Газеты, рассказывая об этой странной новой породе иммигрантов, не способствовали их радушному приему. Восточноевропейские евреи были «невежественными», «примитивными», «отбросами общества». Всякий раз, когда газеты осмеливались заглянуть в Нижний Ист-Сайд, что они периодически делали, прижимая к ноздрям надушенные носовые платки, появлялись рассказы об «ужасных условиях жизни в еврейском квартале», о перенаселенности грязных домов, яркие описания паразитов, мусора, супружеских отношений, безумия, насилия, банд «курящих сигареты уличных крутых» (курение сигарет считалось признаком разврата), алкоголизма, голода, проституции и преступности. Газеты вскоре заговорили о Нижнем Ист-Сайде в терминах «еврейской проблемы», и это была проблема, без которой уважающие себя квазиассимилированные немецкие евреи могли бы обойтись. Восточноевропейцы создавали дурную славу всем евреям и угрожали тщательно приобретенной немцами «американизации».

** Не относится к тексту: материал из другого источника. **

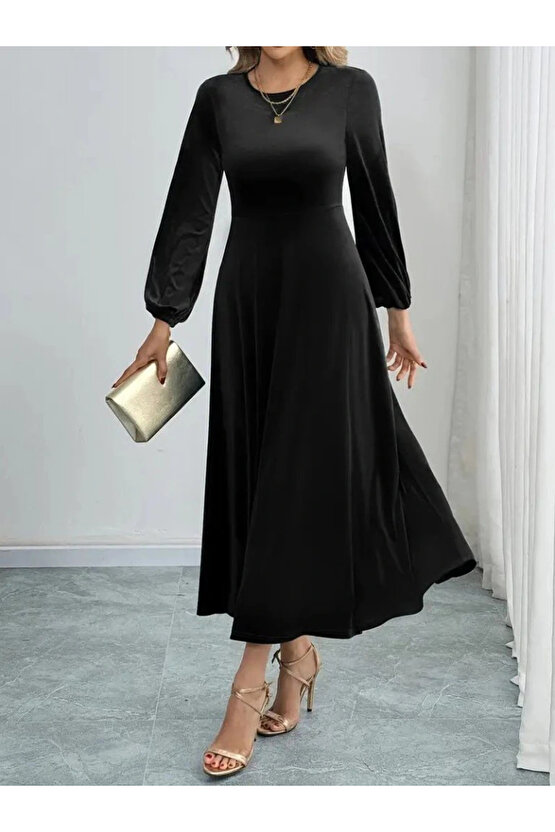 Kadın Uzun Kollu Bisiklet Yaka Midi Kadife Elbise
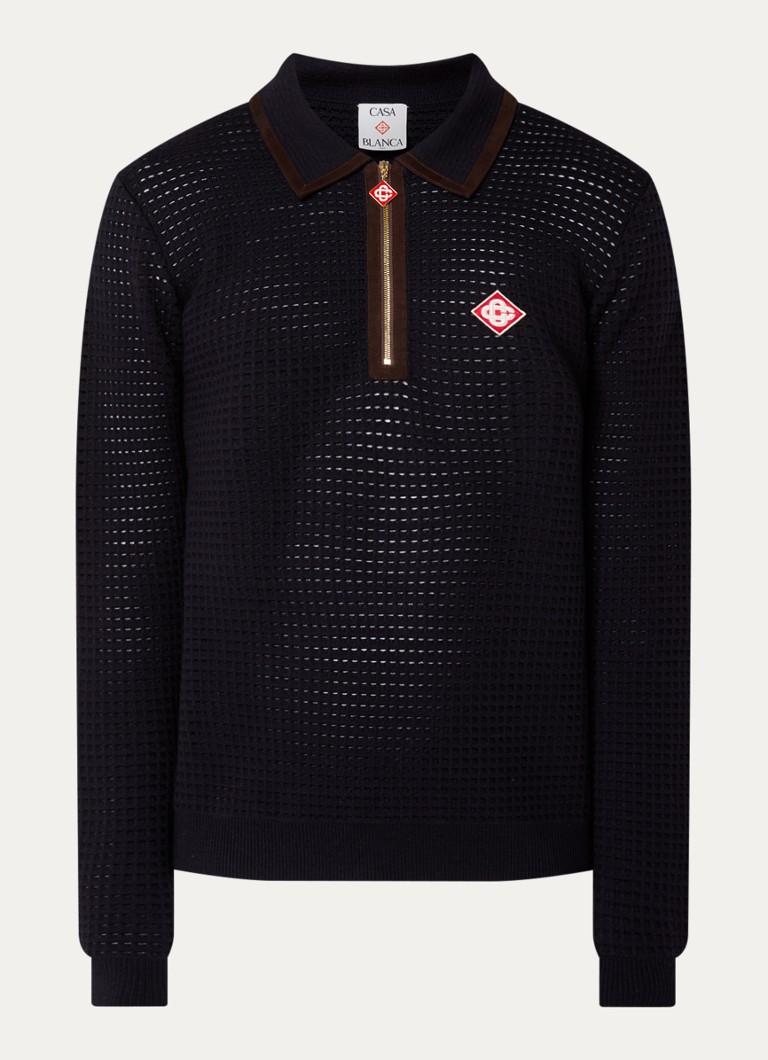 Casablanca Heren Grofgebreide trui van wol met logo in de kleur Donkerblauw, maat: XL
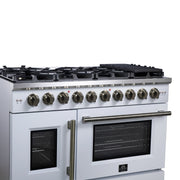 Forno Capriasca 48-Inch French Door Gas Range, 6.58 cu. ft., 8 Sealed Brass Burners, Air Fry Kit, Rotisserie Kit, Wok Support & Griddle, White with Antique Brass Accents (FFSGS6460-48WHT)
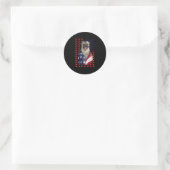 Puggy USA Flag Runder Aufkleber (Tasche)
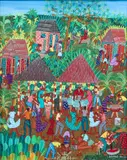 Village Celebration by Juvernal Durosaire, 1987, acrylic on board, offered Mar 2026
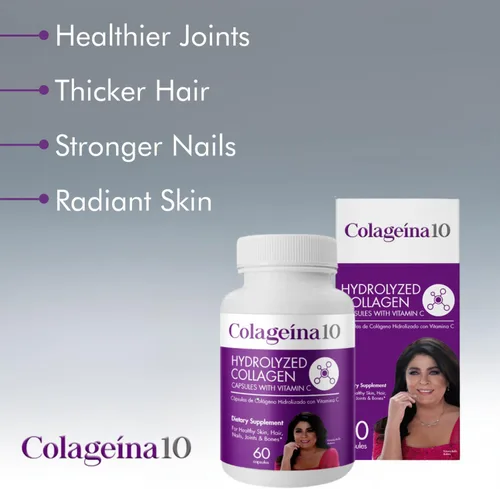 Vista 4 de Colageina 10 Cápsulas de colágeno hidrolizado con vitamina C, suplemento dietético antienvejecimiento para una piel, cabello, uñas, articulaciones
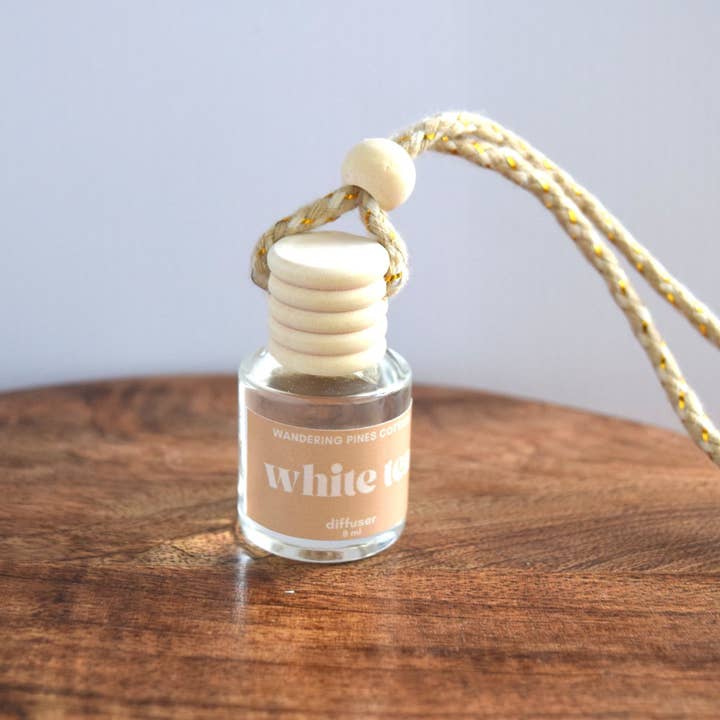 Hanging Car Diffuser 8 ml White Tea for wholesale by Wandering Pines Cottage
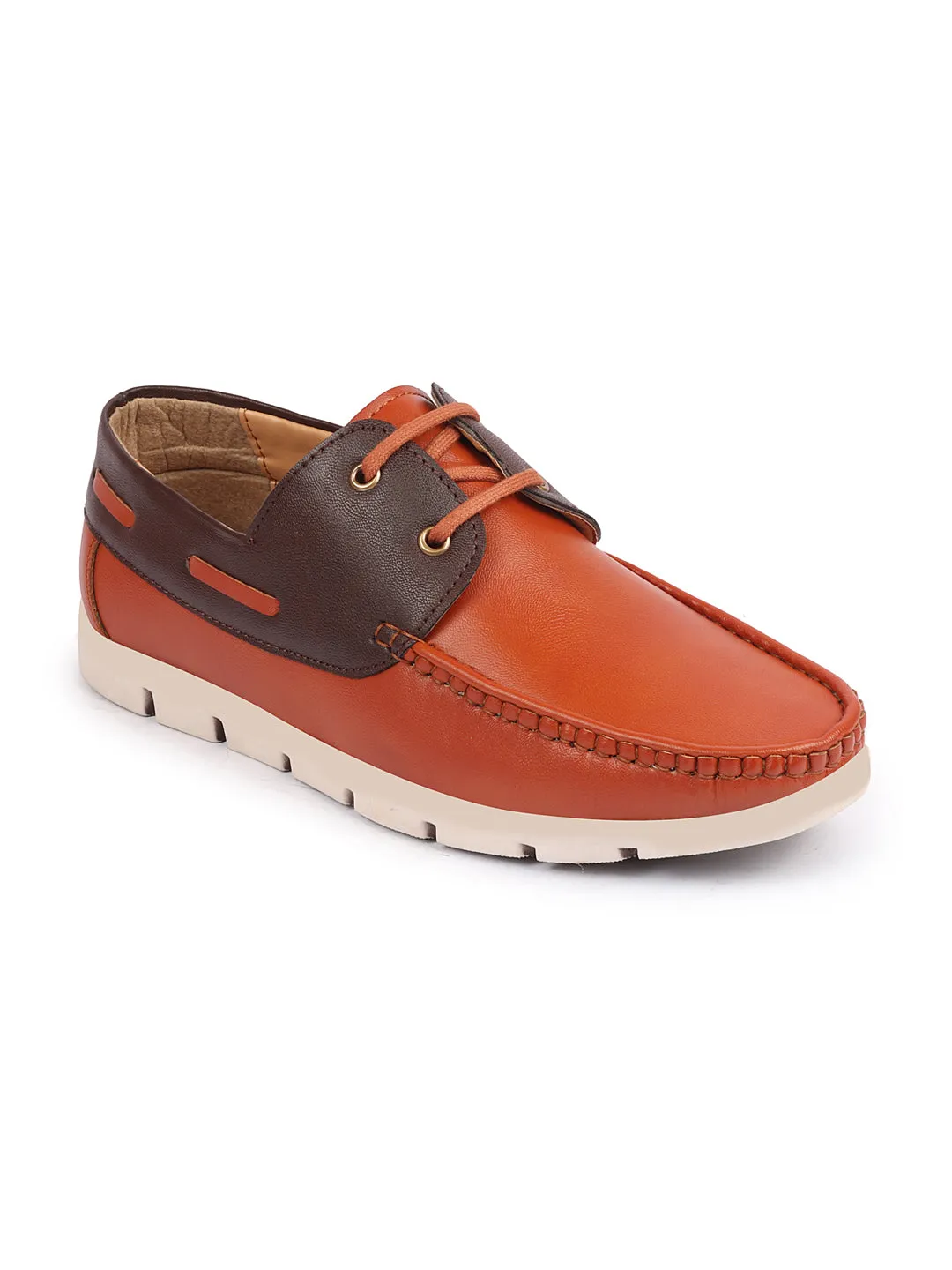 Men Tan Side Lace Stitched Design Lace Up Boat Shoes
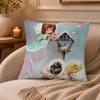 vintage little angel Cushion Cover Anti-dustmite Pillowcase Invisible zipper silky short plush Sofa cushion cover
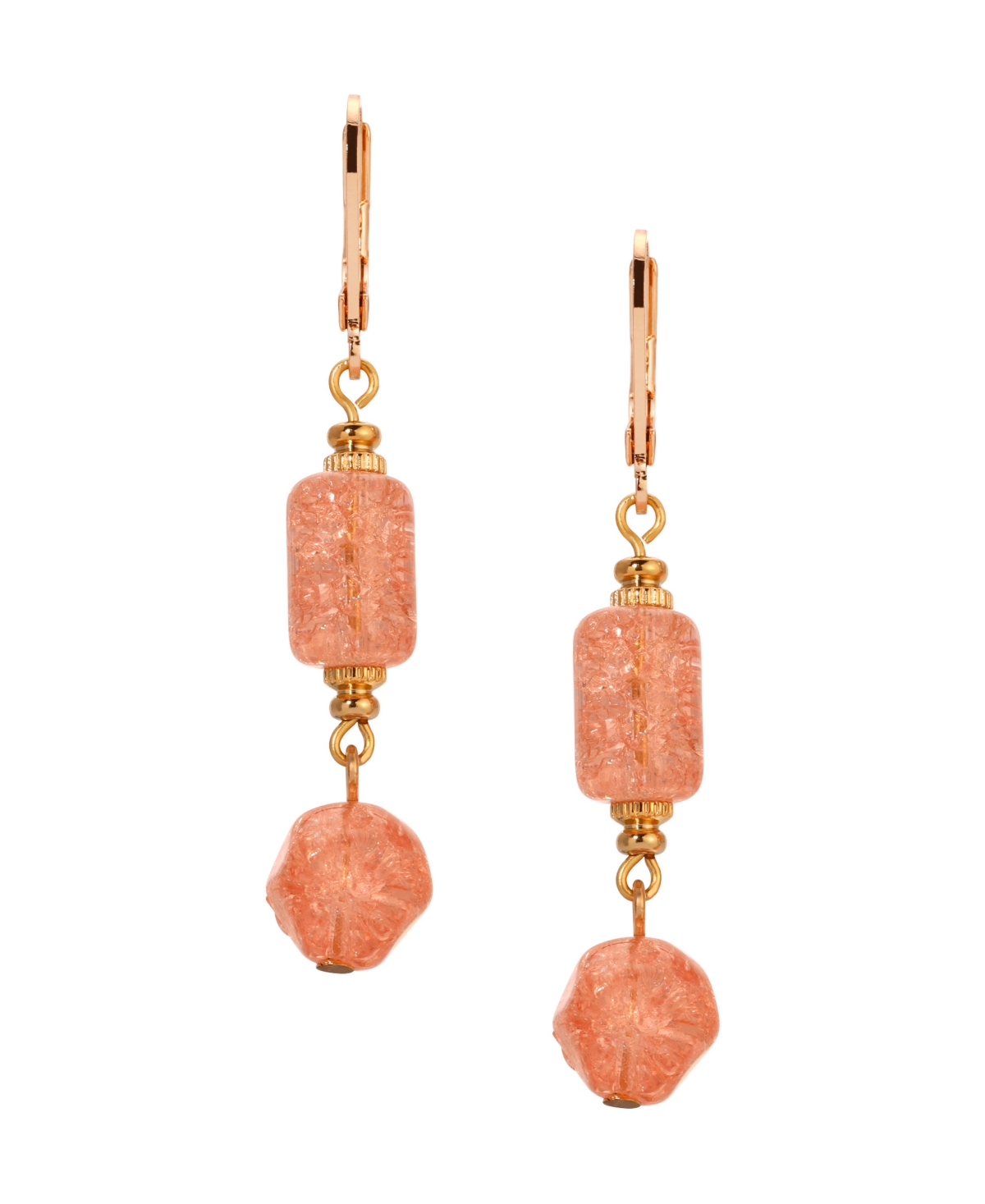2028 GOLD-TONE GLASS DOUBLE DROP EARRINGS 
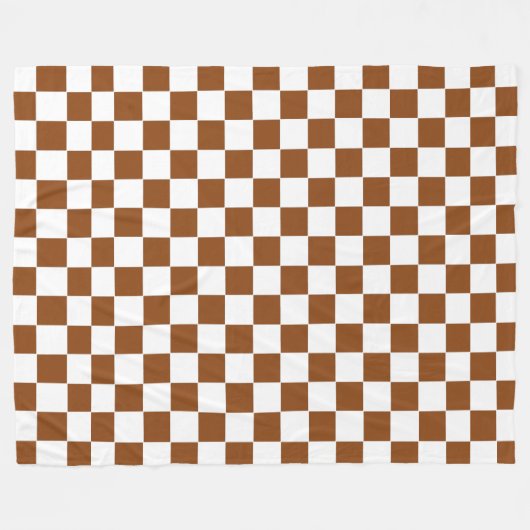 Geruit Bruin en Wit Fleece Deken (Voorkant (Horizontaal))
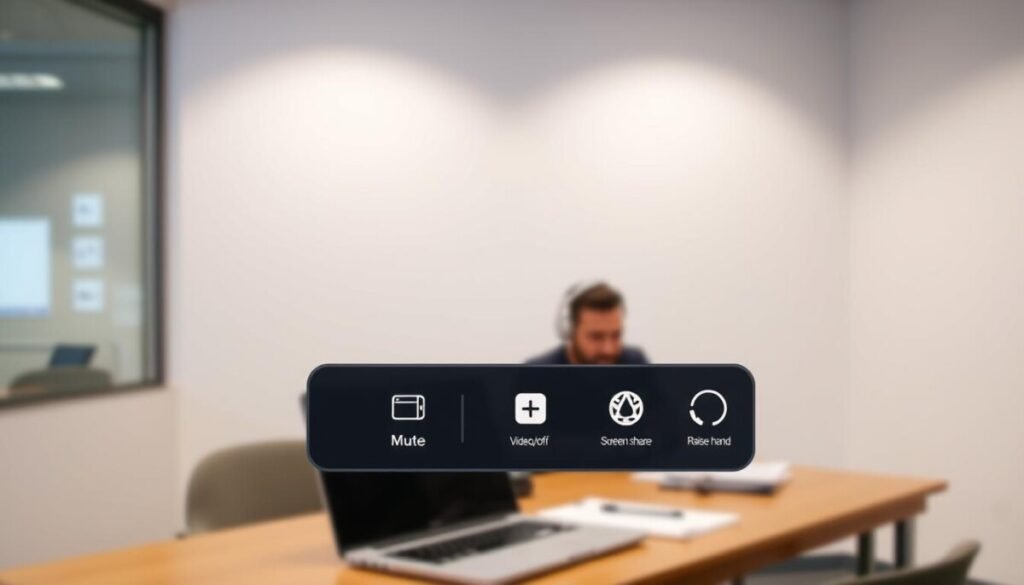 A sleek, modern meeting control toolbar displayed prominently in the foreground, featuring essential Zoom keyboard shortcut icons such as mute, video on/off, screen share, and raise hand. The toolbar is elegantly designed with a black and silver color scheme, showcasing clear, intuitive icons that reflect productivity and efficiency. In the middle ground, a blurred, softly lit office environment can be seen, with a desk setup that suggests a virtual meeting scenario, including a laptop, headset, and notepad. The background fades into a subtle gradient, suggesting a professional yet inviting atmosphere. The lighting is bright and focused, highlighting the toolbar, while maintaining a sense of calm. The overall mood is professional and organized, ideal for conveying the concept of efficient meeting control. A sleek, modern meeting control toolbar displayed prominently in the foreground, featuring essential Zoom keyboard shortcut icons such as mute, video on/off, screen share, and raise hand. The toolbar is elegantly designed with a black and silver color scheme, showcasing clear, intuitive icons that reflect productivity and efficiency. In the middle ground, a blurred, softly lit office environment can be seen, with a desk setup that suggests a virtual meeting scenario, including a laptop, headset, and notepad. The background fades into a subtle gradient, suggesting a professional yet inviting atmosphere. The lighting is bright and focused, highlighting the toolbar, while maintaining a sense of calm. The overall mood is professional and organized, ideal for conveying the concept of efficient meeting control.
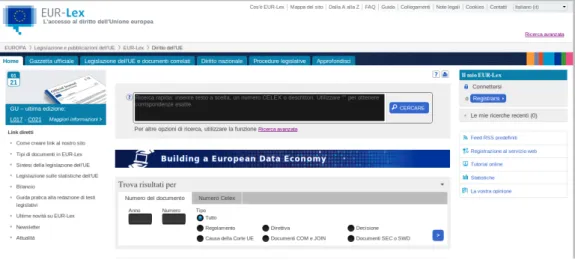 Figure 3.7: Home page italiana di EUR-Lex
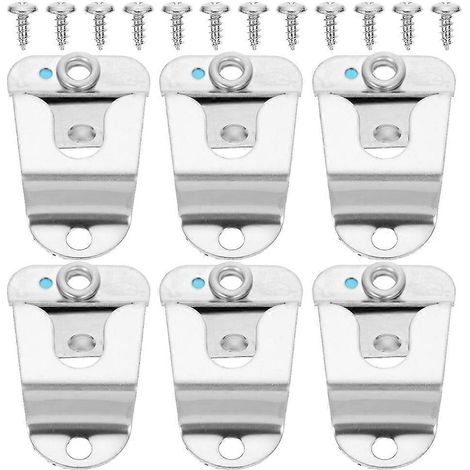 Lot de 6 pinces de suspension pour microphone en acier inoxydable-5X3CM-Silver (1/4)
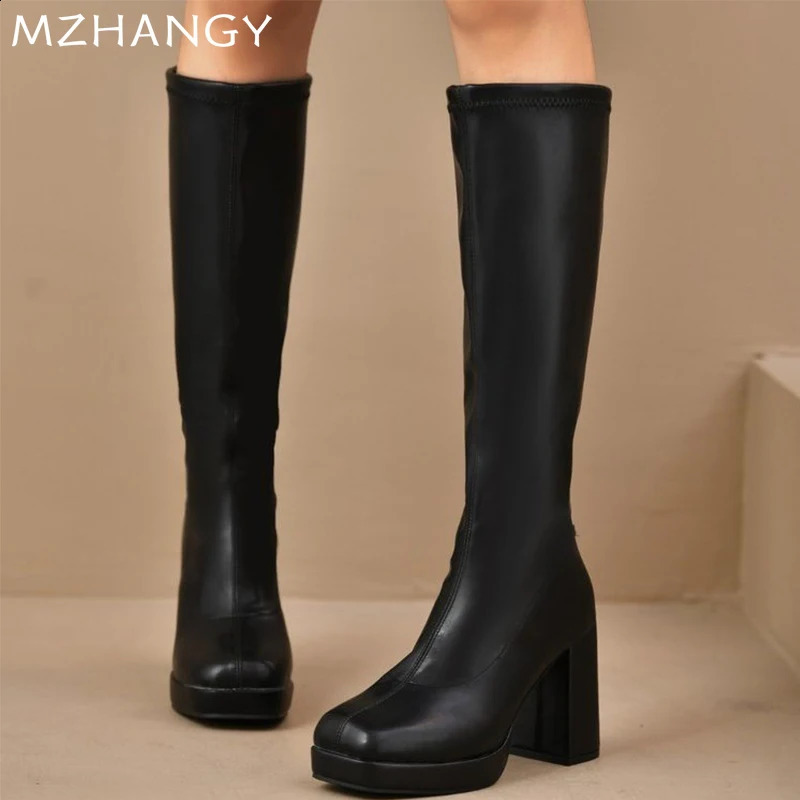Women Square Toe Leather High Boots Knee High Heels Shoes Woman 2025 Trend Elegant Winter Pumps Motorcycle Boots Mujer 241226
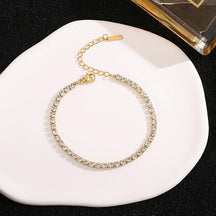Pulseira Dourada de Zircão Brilhante - Joias Burnetts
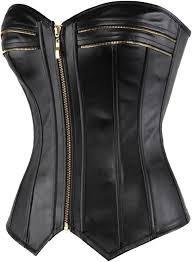Corset en cuir synthétique à fermeture éclair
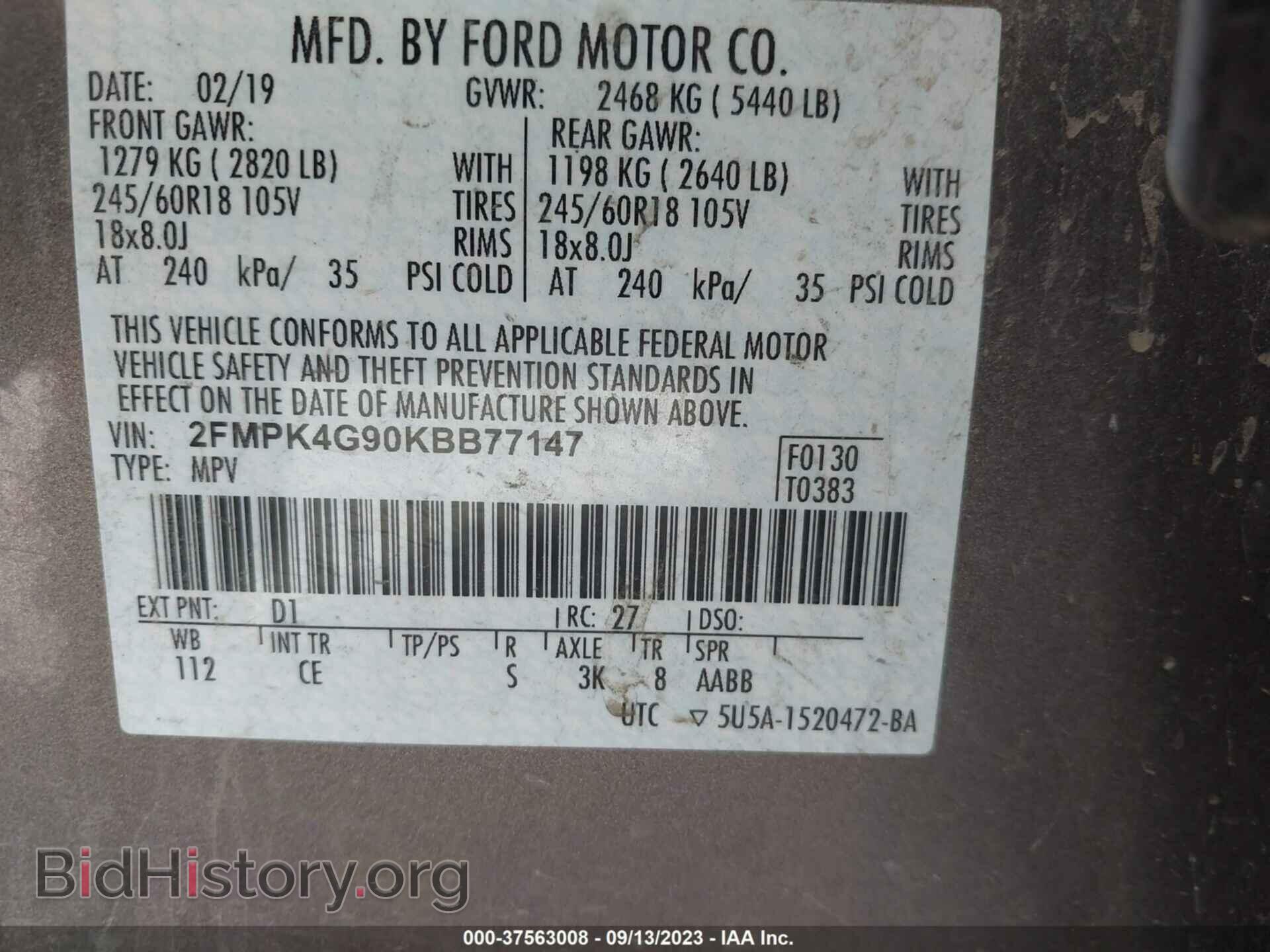 2019 FORD EDGE - VIN: 2FMPK4G90KBB77147 - Photo 9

Поколением раньше немецко-еврейские иммигранты начинали как торговцы, а приехавшие позже русские пришли к логическому выводу, что торговля — это хороший еврейский способ заработать на жизнь в Америке. Но времена несколько изменились. Немцы — обычно пешком, но иногда с роскошью лошади и повозки — занимались торговлей в сельской местности Нью-Джерси, Пенсильвании и на Юге, где они оказывали столь необходимую услугу фермерским семьям, жившим за много миль от ближайших деревень и магазинов. Еврейский разносчик XIX века со своими товарами — наперстками, часами, нижним бельем — был желанной фигурой на горизонте. На различных фермах, где он останавливался, ему часто давали еду, кров и оказывали другие виды гостеприимства. Но теперь, в двадцатом веке, благодаря таким людям, как Джулиус Розенвальд и его изобретению — почтовому каталогу Sears, Roebuck, а также введению Почтой США в 1903 г. бесплатной доставки в сельской местности и посылок десятью годами позже, сельский пеший разносчик стал неактуальным. Поэтому на улицы Нью-Йорка вышел новый еврейский разносчик.